What does the research say about online discussions?

With new and emerging educational technologies, we often wonder how much it helps with student learning.  Online discussion boards have been a research topic for over two decades.  And all of that research seems to converge on one idea: Online, asynchronous discussions are incredibly valuable, even better than face-to-face in some aspects of the discussion, but the effectiveness of these discussions are tied to how well instructors facilitate online discussions.

The specific advantages of online, asynchronous discussions are:

  • increased student collaboration.
  • increased student participation in discussions.
  • better or more opportunities for reflection and peer review.
  • individualized instruction via instructor feedback.
  • more structure.
  • more time to think before giving a response.

Online interaction is more meaningful when instructors and students use the online learning platform (in our case Blackboard) as an extension of the classroom.  Instructors and students report that asynchronous discussions are more mindful, democratic, equitable, and reflective.  In addition, research suggests that online discussions support experimentation and divergent thinking.

There is a downside to online, asynchronous discussions, though.  Online discussions tend to rely on students understanding the content, and face-to-face instruction provides immediate feedback and correction of student understanding of concepts.  Online discussions assume that students have a certain level of critical thinking skills.  We often forget that students need to be taught how to think critically, so discussion boards can fall flat when students do not have critical thinking skills.

But we can do something about these two issues.  Instructors should use class time to address both of the issues mentioned above and model what a good discussion looks like.  For example, you can use class time to lecture (if you’re concerned about students understanding content), go over any questions regarding content in class, and engage in the deeper conversation online.  In addition, instructors should go over expectations their for online discussions.  This would be a great time to model what a great discussion board post looks like.
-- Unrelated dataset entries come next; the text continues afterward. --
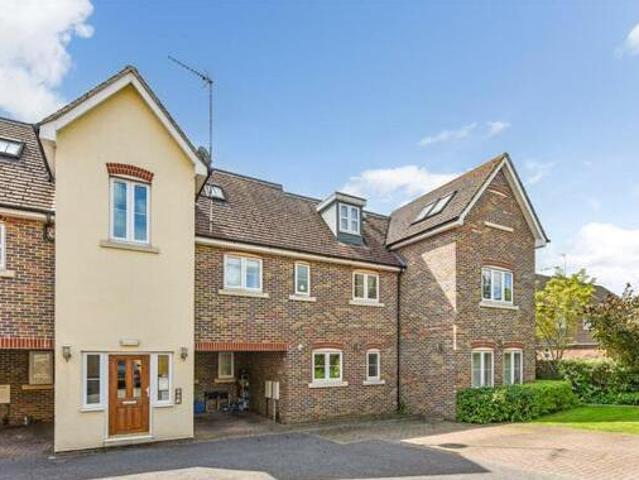 2 Bedroom Flat For Rent In Petersfield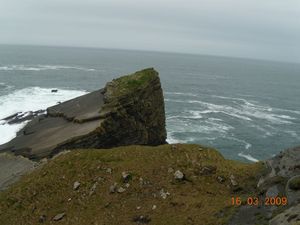 klify w Kilkee, IRLANDIA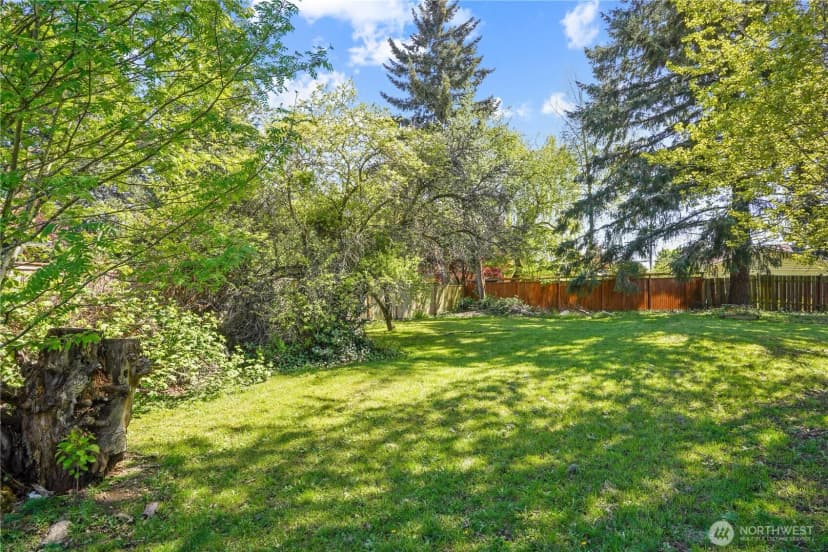 Property photo for 1417 Sw Donovan Street, Seattle photo 2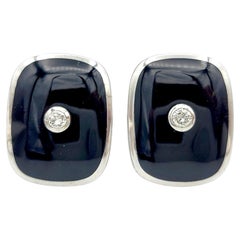 Boutons de manchette Kabana en or blanc 14 carats, sertis d'onyx taille « cushion » et de diamants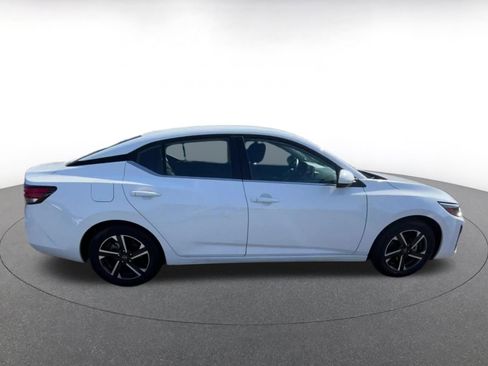 Used 2025 Nissan Sentra SV image 16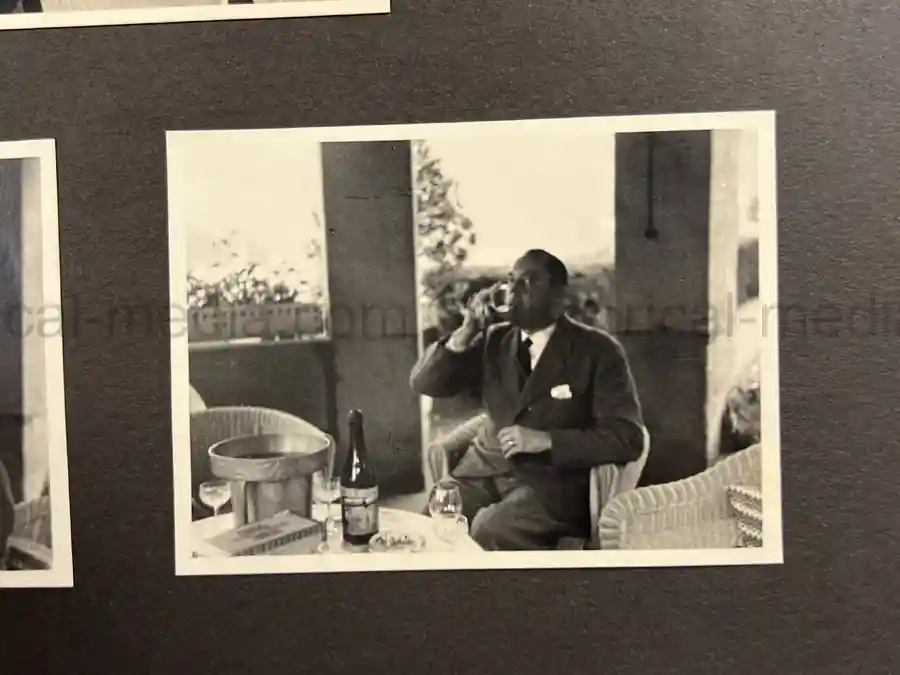 2x GERMAN THIRD REICH ERA PHOTO ALBUM GROUPING - JULIUS KAYSER & CO. 2x GERMAN THIRD REICH ERA PHOTO ALBUM GROUPING - JULIUS KAYSER & CO.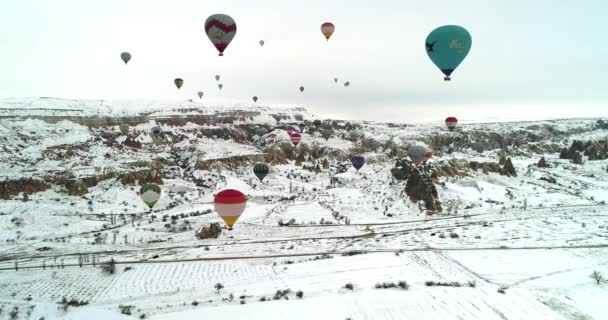 4 k 熱気球飛行冬シーズン 2 — ストック動画
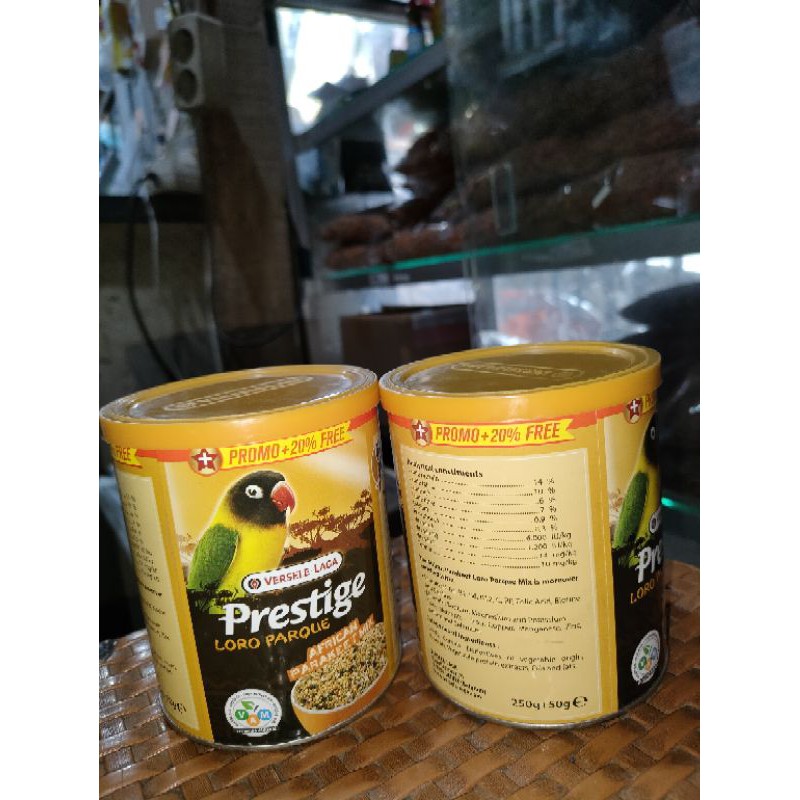 prestige lb/ pakan lovebird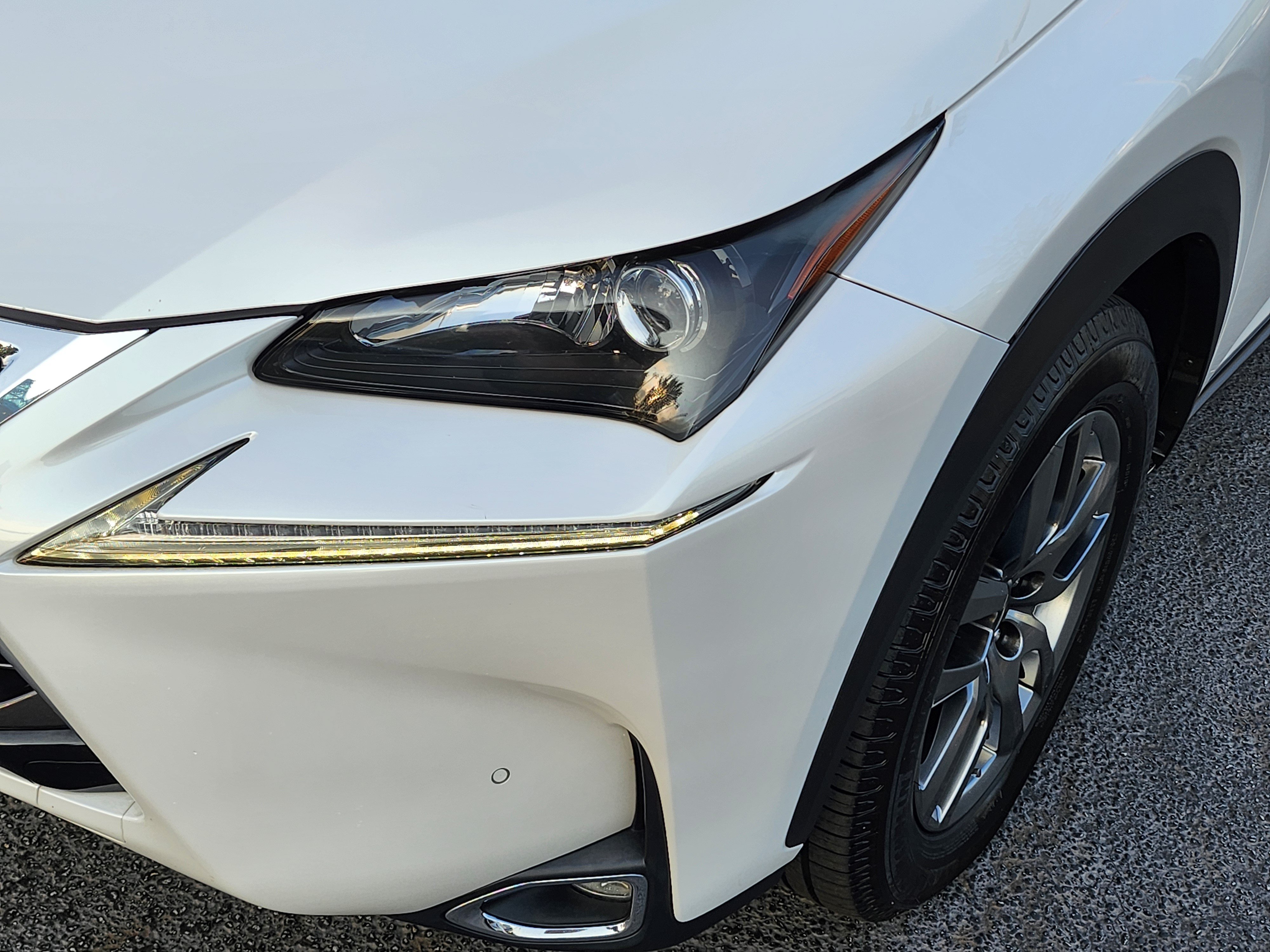 Used 2016 Lexus NX 200t FWD w/ Luxury Package image 9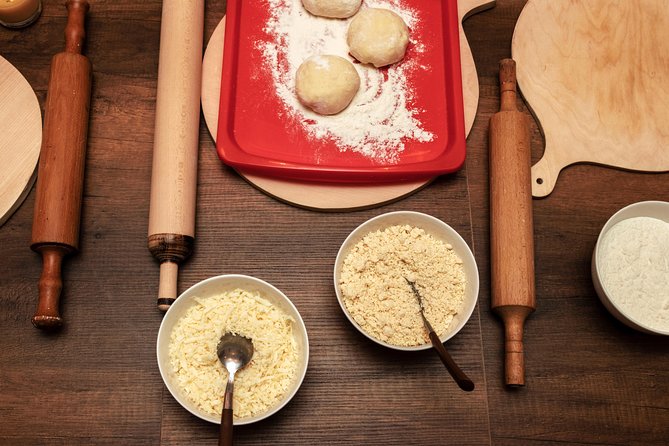 Cook True Ajarian Khachapuri and Khinkali in Highlanders Style - The teaching style and language support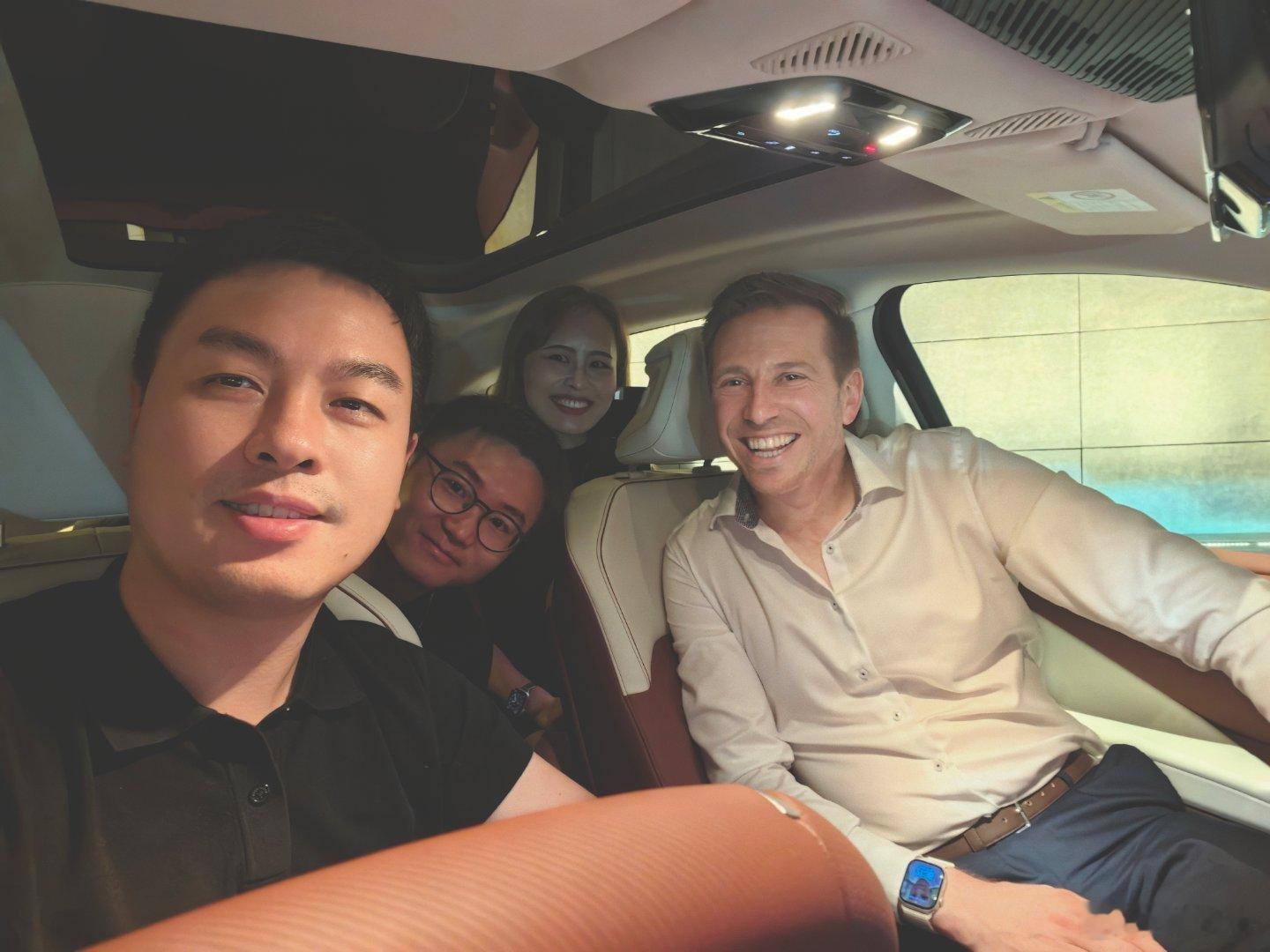 吃饭的时候和宝马座舱的Pascal 聊了很多体验上的问题，他说在德国他们习惯吃完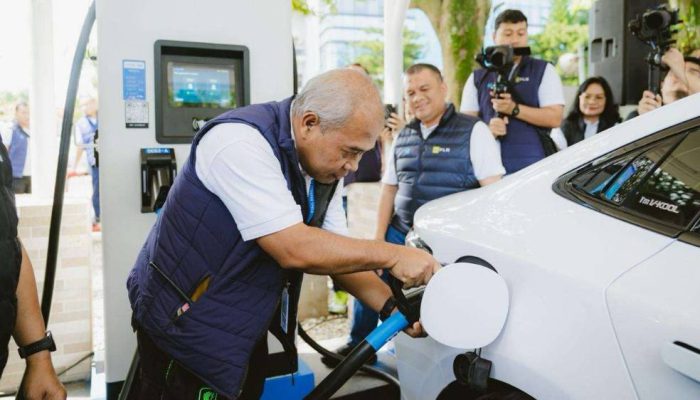 Jelang Nataru, PLN Uji SPKLU di Jalur Sumatra–Jawa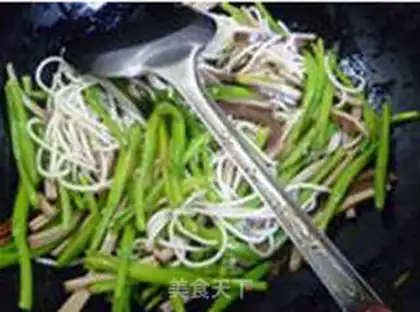Make Scrumptious eggs and noodles step 7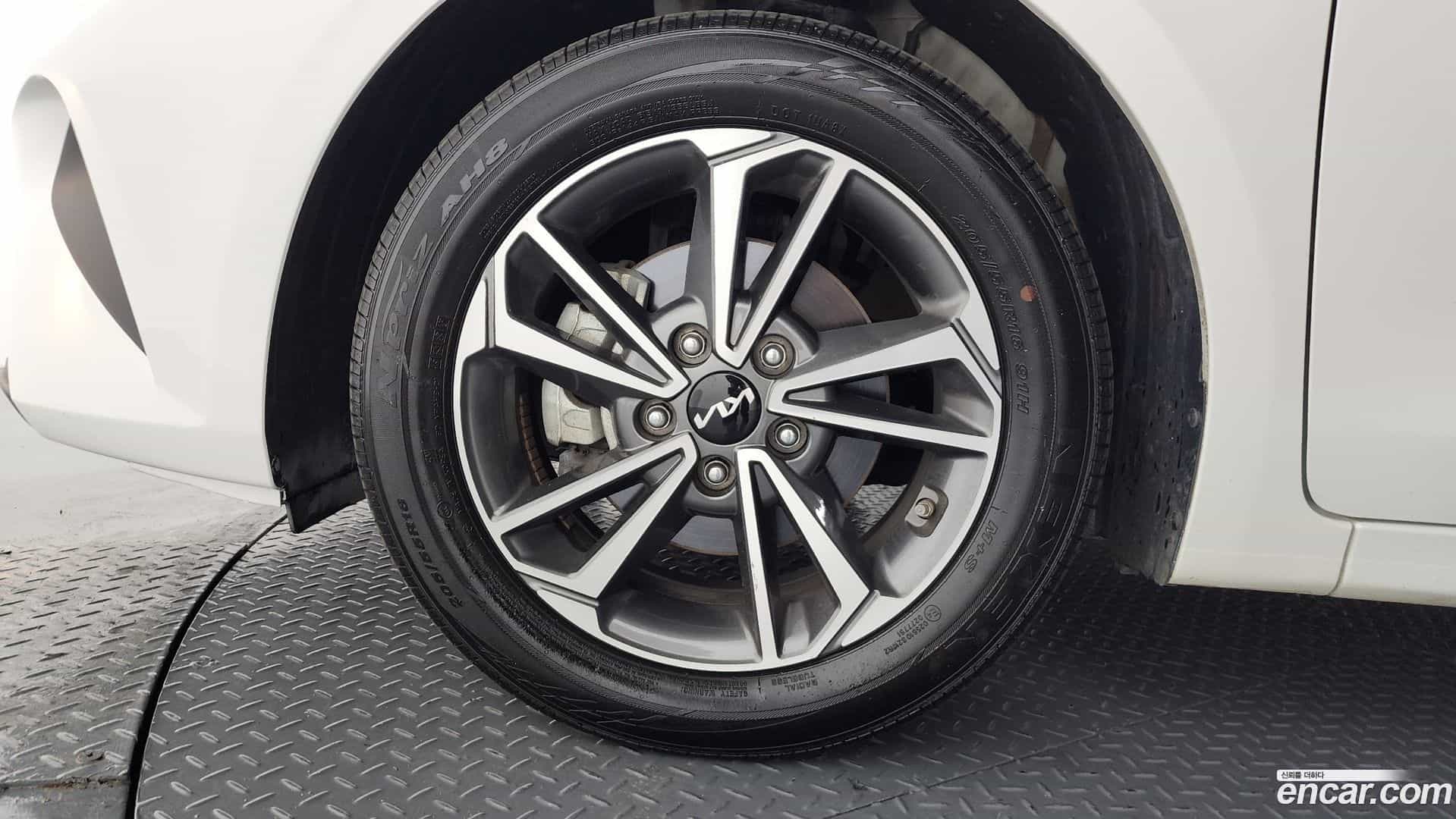K3 Kia 2024.1-OUTER-005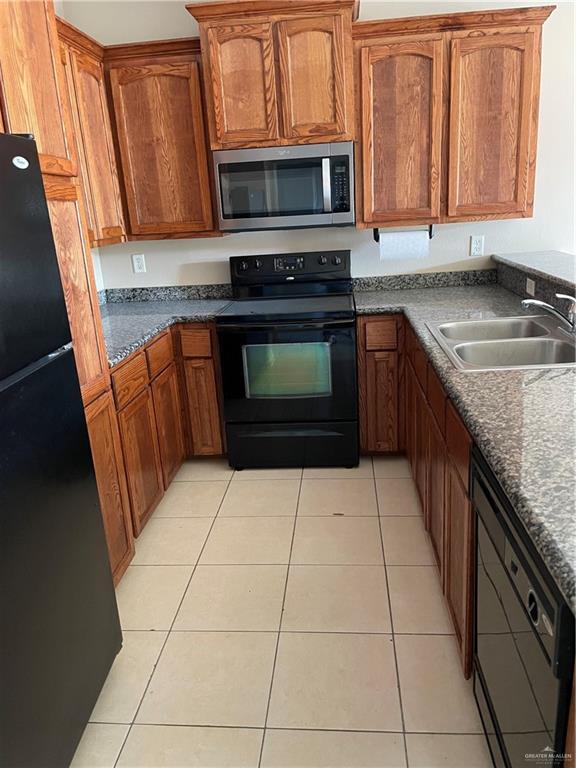 Foto del edificio - 6 Scottland Dr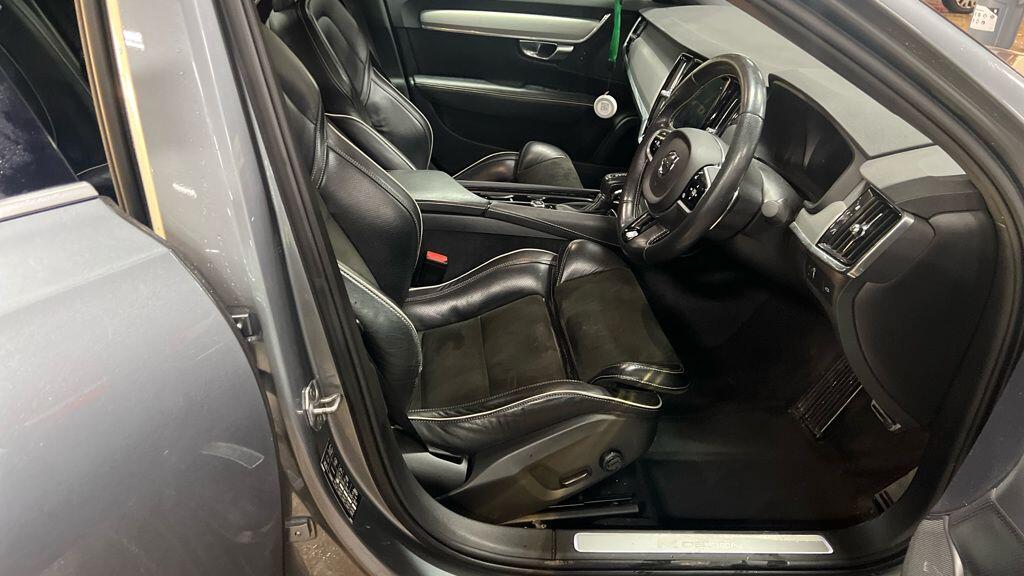 Used Volvo S90 2018 for sale - 77229366: Photo 2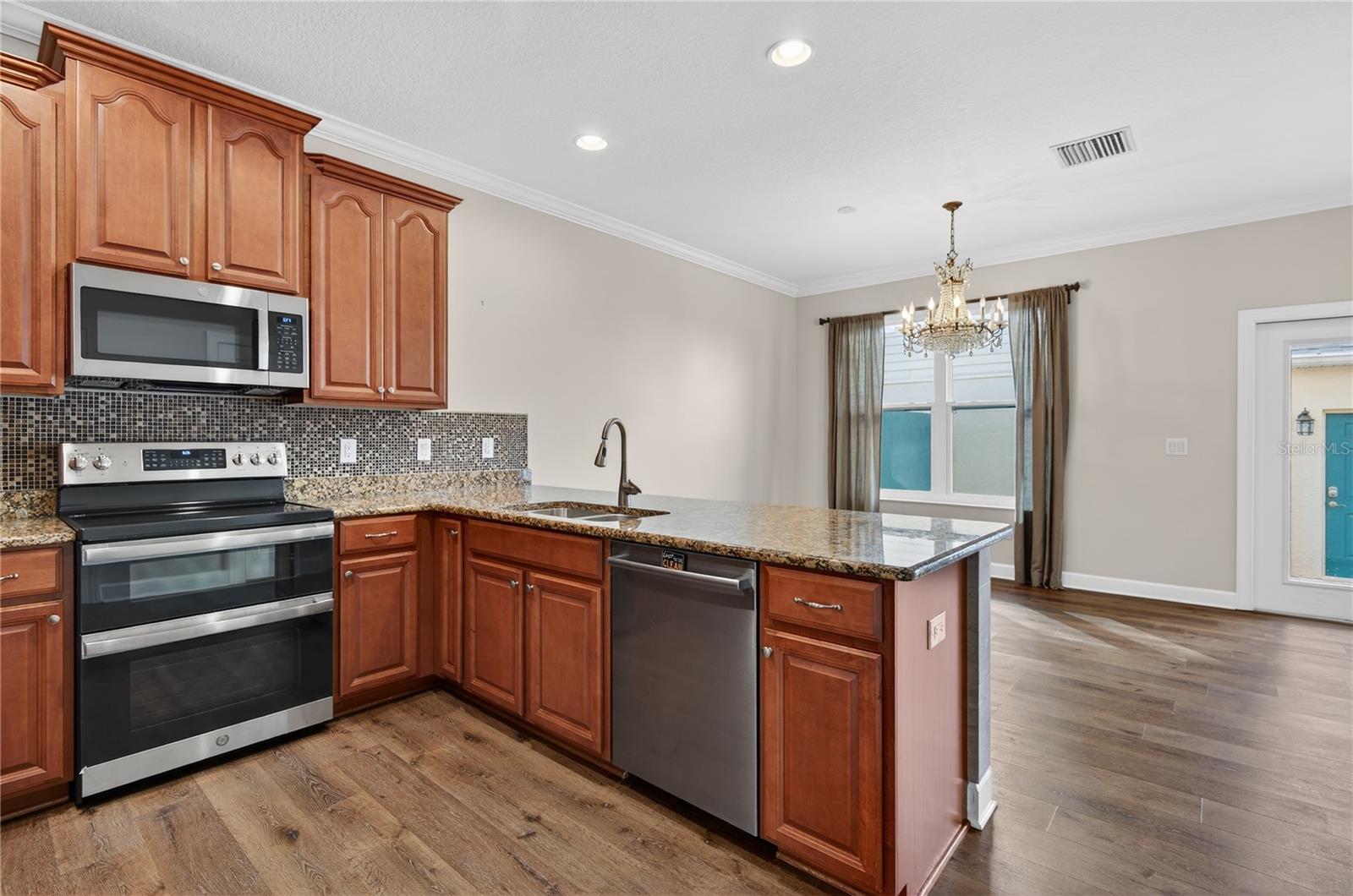 Image 11 of 42 For 205 49th Avenue N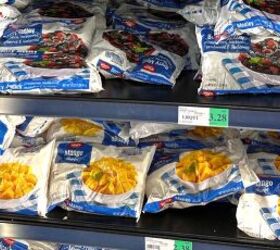 8 cheap foods to buy vs 7 cheap foods you should not buy, Frozen berries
So if online discussions are valuable only when instructors become good at facilitating, how do we become good online discussion facilitators?  Researchers have come up with a list of instructor must do’s when facilitating online discussions.  According to the research, instructors should:

  • Maintain the focus of the discussion and keep the discussion “intellectually responsible.”  This means that instructors should be helping students stay on task and on topic, and instructors should be coaching students into writing responses that are intellectually stimulating and engaging.
  • Stimulate the discussion.  When discussions start to fall flat, a good facilitator steps in and revs the discussion back up.  That could mean posing a follow up question.
  • Hold students accountable for participation.  The simplest way to hold students accountable is to make online discussions worth a percentage of a course.  But instructors should also be reading students’ posts and responding in some way.  Students need to know that you’re reading their posts, i.e. you need to maintain a teaching presence inside of the discussion board.
  • Write discussion board questions that require students to use higher order thinking skills.  Good facilitators ask questions that allow for a variety of responses and opportunities for deep discussion.
  • Provide direction and feedback in what needs to be done.
  • Structure learning through purposeful course design.  Everything you do in the discussion board should be meaningful to the students and the course and leads to opportunities for learning.